:: Work to complete ::
Exclude all pictures, and reproduce exactly the lines from the one containing "Room 5 of 39" through the end of the records, with nothing else added.
------ Information supplied ------
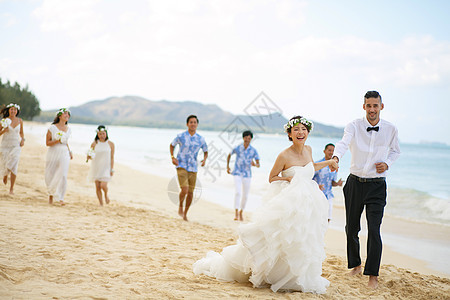 海滩边的新婚夫妇和伴娘伴郎们图片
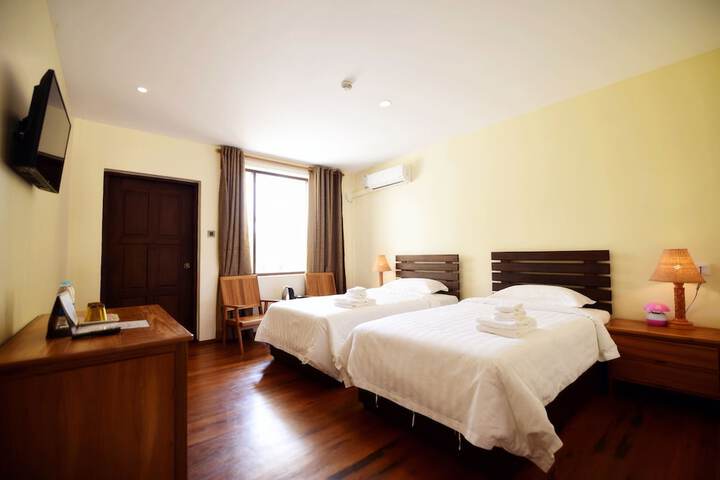 Room 5 of 39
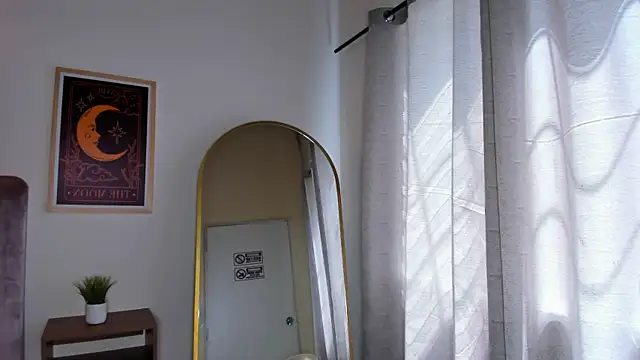 samaantha_lux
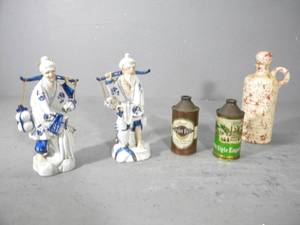 lot 24 image: 2) Figurines, Old beer cans, decantor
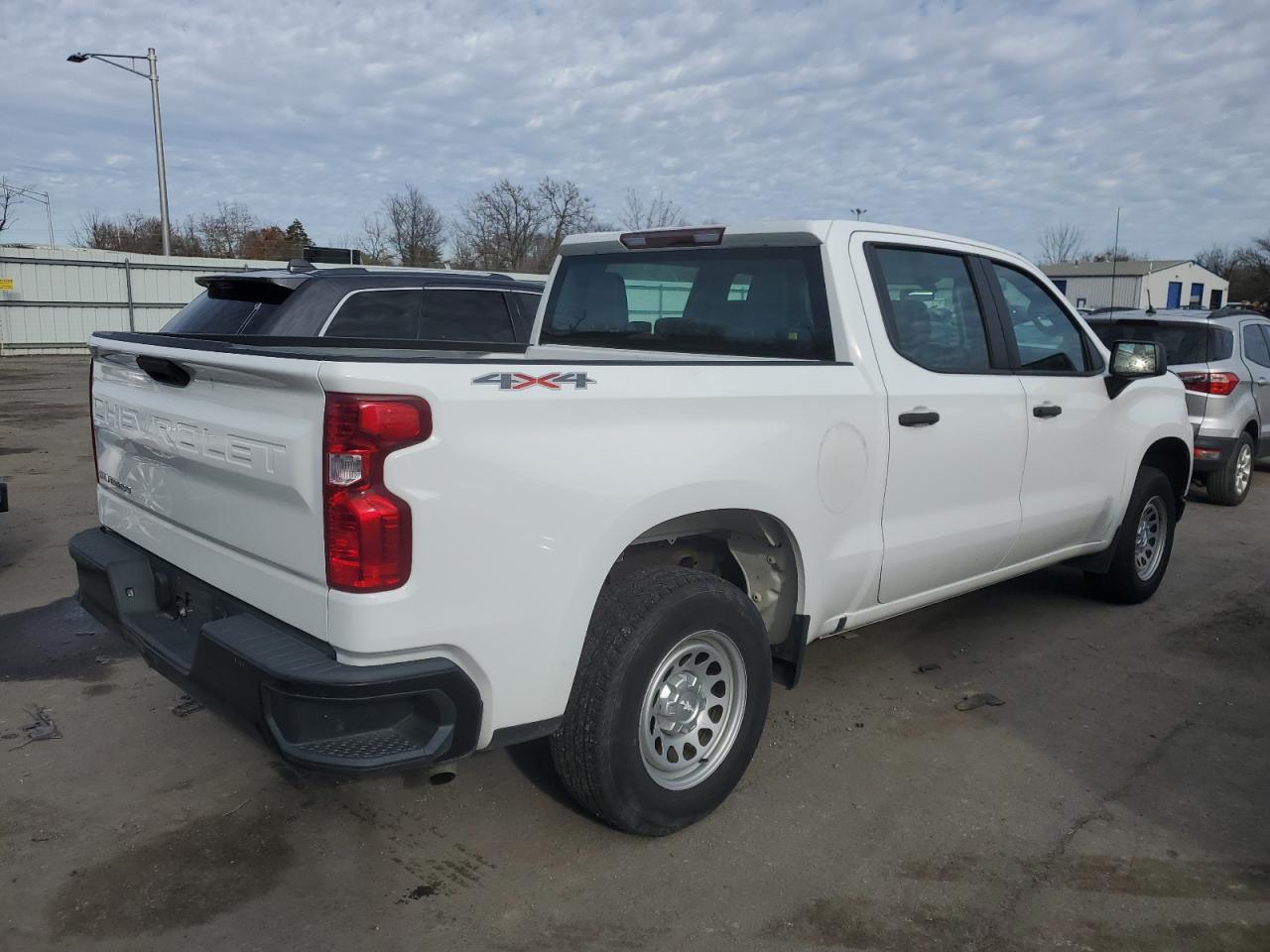 2021 Chevrolet Silverado K1500 - Фото 3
------
:: Output for this exercise ::
 Room 5 of 39
 samaantha_lux
 lot 24 image: 2) Figurines, Old beer cans, decantor
 2021 Chevrolet Silverado K1500 - Фото 3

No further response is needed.